What it reveals when being labeled “cis” bothers someone
First off: if someone’s intention is to insult another person, they can do it using any words whatsoever. The nature of words is slippery like that. I’m not saying that “cisgender” can never be used in an insulting way, because any word can be used in an insulting way.
I’m talking about when the word “cisgender” is used in a descriptive way that means “not transgender.” I use it this way a decent amount, because cisgender people tend to interact with me much differently than fellow transgender people do, and the distinction makes a difference in my everyday life. Here’s an example of a sentence I wrote (from this Facebook post) that a cisgender person took offense to:
When a trans person comes out to a cis person, the response is often “I don’t get it. Explain it to me.”
If someone takes offense to being called cisgender in this way, it should be cause for some serious self-reflection.
Cisgender is the equal inverse of the word transgender. Someone who can’t handle being called cisgender is revealing that they’re not OK with transgender people being treated as equal to them.
A cisgender person getting offended at being called cisgender is taking for granted that they’re the default. They are the “most normal version” of human, so therefore, they shouldn’t need a descriptor for themselves.
That’s what people are revealing when they say “I’m a regular dude.”
Whether or not they like it, this is bigotry.
Yes, you are a dude who just thinks of yourself as a regular dude. But a trans guy is also a regular dude. You’re a cisgender “regular dude,” and he’s a transgender “regular dude.”
Cisgender people are used to living life as the baseline definition of normal that the rest of the world has to revolve around. If some of them get upset with me for trying to help other kinds of people feel normal, too, that’s not surprising. Sharing privilege can take some getting used to. But ultimately, it makes everything better for everyone.

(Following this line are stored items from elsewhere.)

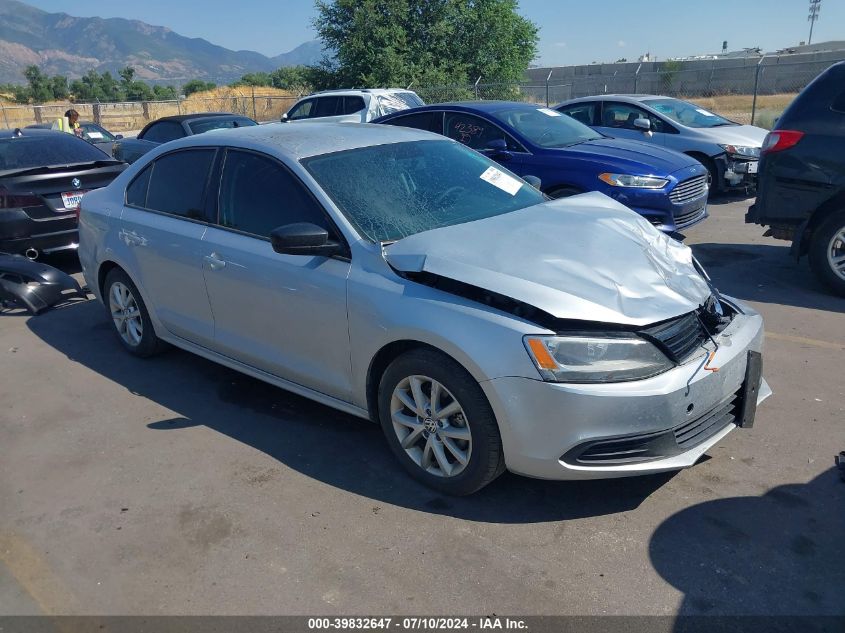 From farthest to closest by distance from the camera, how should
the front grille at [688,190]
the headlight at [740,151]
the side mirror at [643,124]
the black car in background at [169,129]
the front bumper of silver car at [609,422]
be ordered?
the black car in background at [169,129] < the side mirror at [643,124] < the headlight at [740,151] < the front grille at [688,190] < the front bumper of silver car at [609,422]

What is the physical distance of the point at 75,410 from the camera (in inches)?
187

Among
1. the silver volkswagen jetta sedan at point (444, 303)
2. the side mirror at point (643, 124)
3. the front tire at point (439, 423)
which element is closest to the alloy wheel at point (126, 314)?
the silver volkswagen jetta sedan at point (444, 303)

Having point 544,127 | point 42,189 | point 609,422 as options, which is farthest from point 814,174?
point 42,189

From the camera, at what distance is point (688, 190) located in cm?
789

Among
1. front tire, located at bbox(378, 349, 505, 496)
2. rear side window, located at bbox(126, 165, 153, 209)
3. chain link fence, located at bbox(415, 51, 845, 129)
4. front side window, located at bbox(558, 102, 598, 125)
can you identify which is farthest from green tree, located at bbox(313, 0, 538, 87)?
front tire, located at bbox(378, 349, 505, 496)

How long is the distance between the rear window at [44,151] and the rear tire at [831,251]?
7608 millimetres

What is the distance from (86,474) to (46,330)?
2.99 meters

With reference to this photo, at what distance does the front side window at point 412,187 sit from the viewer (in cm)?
394

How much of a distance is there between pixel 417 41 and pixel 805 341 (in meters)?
25.5

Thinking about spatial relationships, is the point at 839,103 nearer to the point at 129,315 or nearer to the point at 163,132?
the point at 129,315

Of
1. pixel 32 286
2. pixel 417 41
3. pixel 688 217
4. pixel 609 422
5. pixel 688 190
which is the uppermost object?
pixel 417 41

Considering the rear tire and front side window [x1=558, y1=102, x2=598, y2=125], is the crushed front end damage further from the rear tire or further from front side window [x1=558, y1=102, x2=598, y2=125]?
front side window [x1=558, y1=102, x2=598, y2=125]

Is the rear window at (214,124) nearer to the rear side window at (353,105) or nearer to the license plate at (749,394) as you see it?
the rear side window at (353,105)

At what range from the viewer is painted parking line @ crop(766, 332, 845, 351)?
17.1 feet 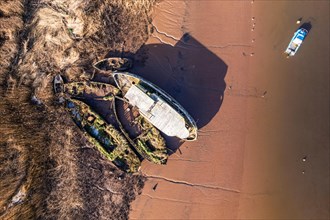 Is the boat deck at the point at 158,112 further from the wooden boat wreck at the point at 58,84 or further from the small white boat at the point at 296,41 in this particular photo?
the small white boat at the point at 296,41

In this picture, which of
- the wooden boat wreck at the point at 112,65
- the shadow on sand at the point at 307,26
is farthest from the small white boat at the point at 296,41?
the wooden boat wreck at the point at 112,65

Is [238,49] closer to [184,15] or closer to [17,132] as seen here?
[184,15]

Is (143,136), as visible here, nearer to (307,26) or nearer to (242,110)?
(242,110)

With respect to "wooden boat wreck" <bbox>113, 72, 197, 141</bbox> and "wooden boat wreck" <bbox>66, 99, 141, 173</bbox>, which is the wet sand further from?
"wooden boat wreck" <bbox>66, 99, 141, 173</bbox>

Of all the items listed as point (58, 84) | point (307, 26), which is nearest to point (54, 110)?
point (58, 84)

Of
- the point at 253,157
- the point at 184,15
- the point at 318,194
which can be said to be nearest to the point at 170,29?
the point at 184,15

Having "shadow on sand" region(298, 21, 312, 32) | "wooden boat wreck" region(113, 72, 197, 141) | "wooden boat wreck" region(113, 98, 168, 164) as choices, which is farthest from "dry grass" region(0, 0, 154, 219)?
"shadow on sand" region(298, 21, 312, 32) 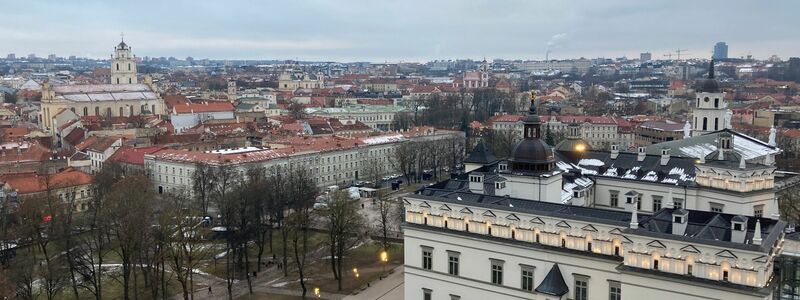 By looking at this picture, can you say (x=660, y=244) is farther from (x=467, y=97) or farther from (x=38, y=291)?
(x=467, y=97)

I hope one day they’ll realize that, and join in.
In the meantime, here’s this article.
Know of any other resources on this subject? I’d love to hear about them in the comments.
This is so true—and interesting! As I was reading it, I realized how similar in context this is when discussing my Autistic ways of viewing the world and those of Neurotypicals—the same sort of reaction I get from people…”I’m not neurotypical! I’m a NORMAL person!” It’s curious to me. Perhaps the root that needs to be dug up for both situations is the idea of one normalcy and the fear of not being that.
Thanks for sharing that perspective. That is a really interesting thought. “Normalcy” comes with a lot of safety, and maybe people are afraid of losing that safety (whether or not they’re conscious of that).
I would love to keep learning more about your experience as an autistic person—especially in conjunction with also being nonbinary. I imagine you have some really valuable perspective to offer the world.